▶ **GOAL OF THE EXERCISE**:
Every line of the listing below is to be duplicated exactly, with the pictures left out.

▶ **SOURCE DATA**:
****

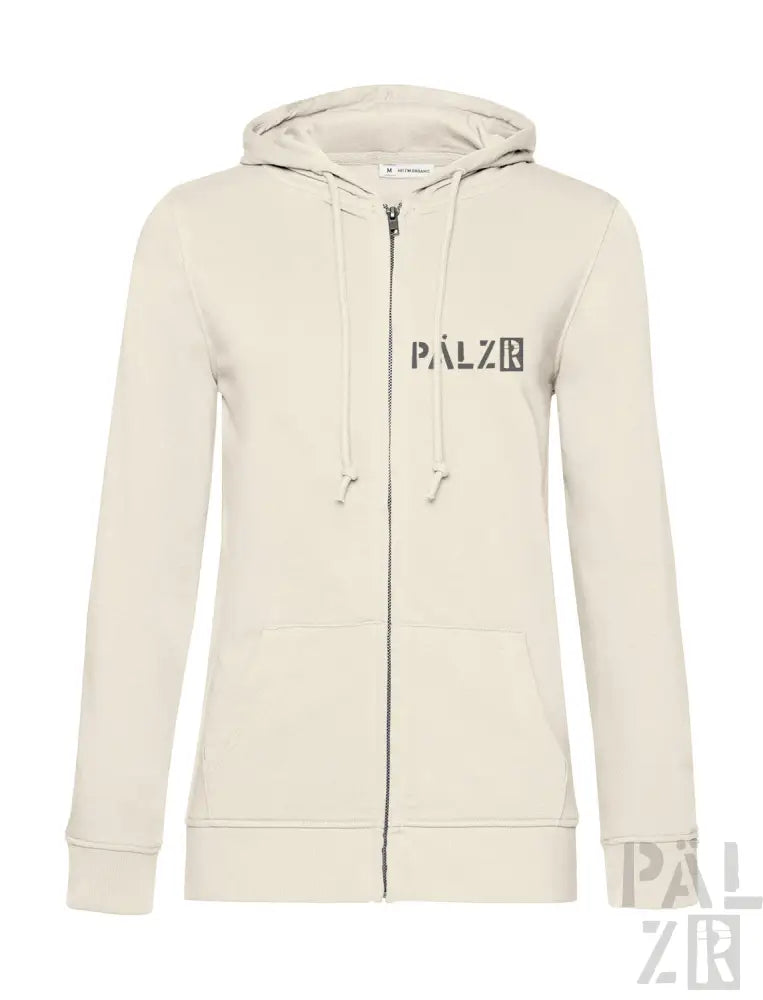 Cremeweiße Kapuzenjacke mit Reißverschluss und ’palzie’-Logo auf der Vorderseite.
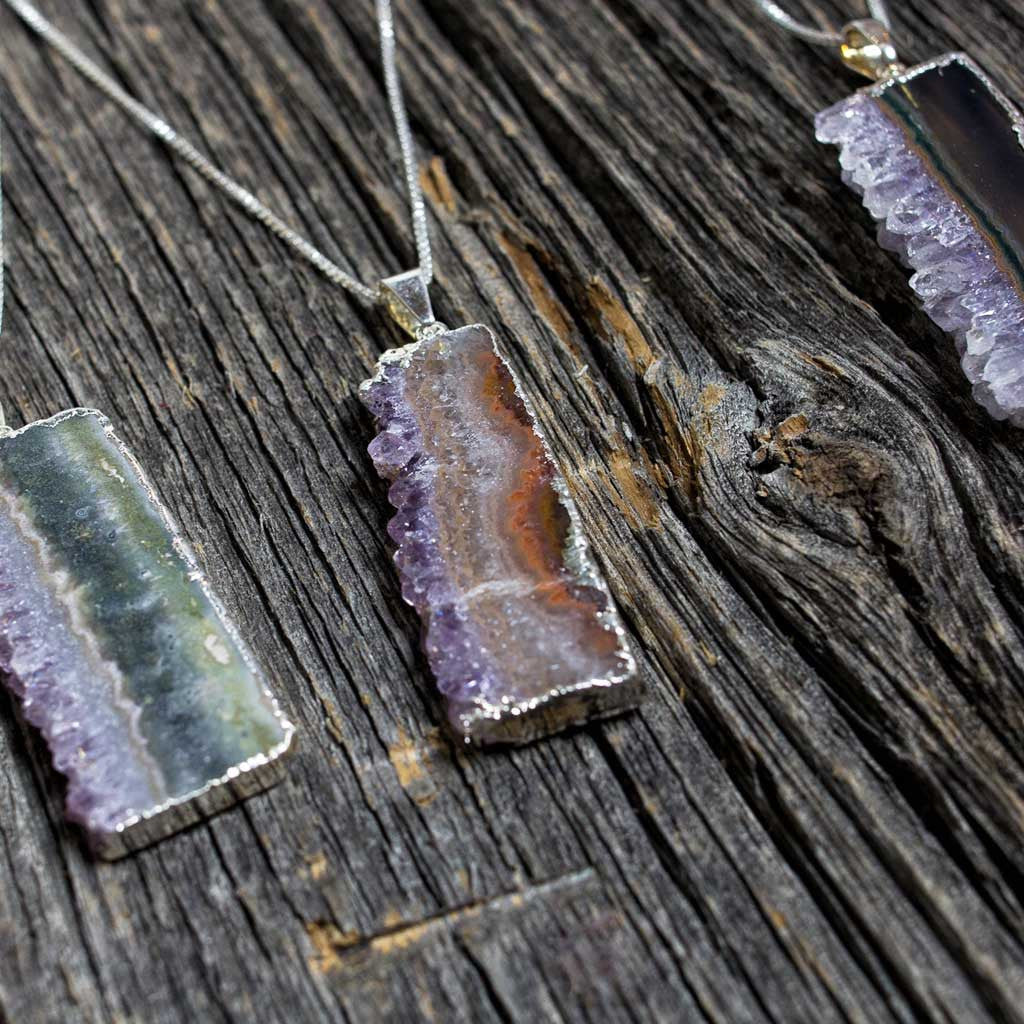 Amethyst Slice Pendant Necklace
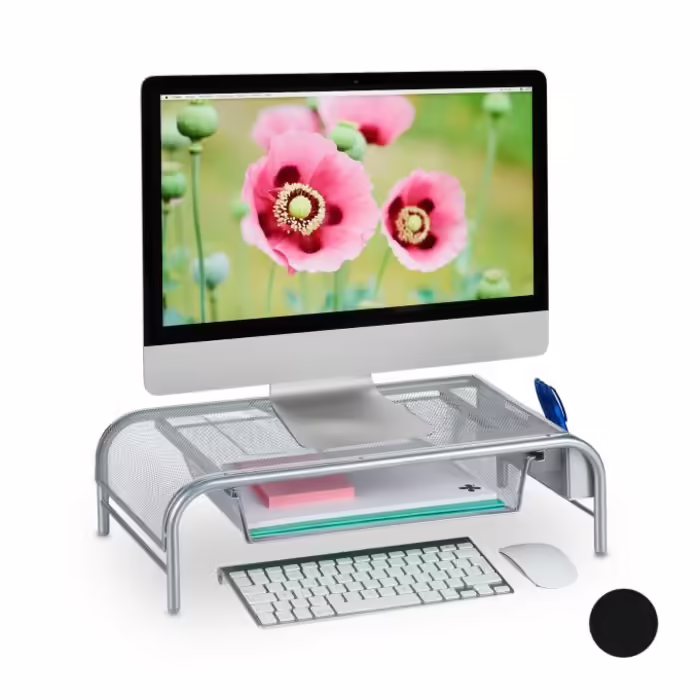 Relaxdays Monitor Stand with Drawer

****

▶ **WRITTEN SOLUTION**:
 Cremeweiße Kapuzenjacke mit Reißverschluss und ’palzie’-Logo auf der Vorderseite.
 Amethyst Slice Pendant Necklace
 Relaxdays Monitor Stand with Drawer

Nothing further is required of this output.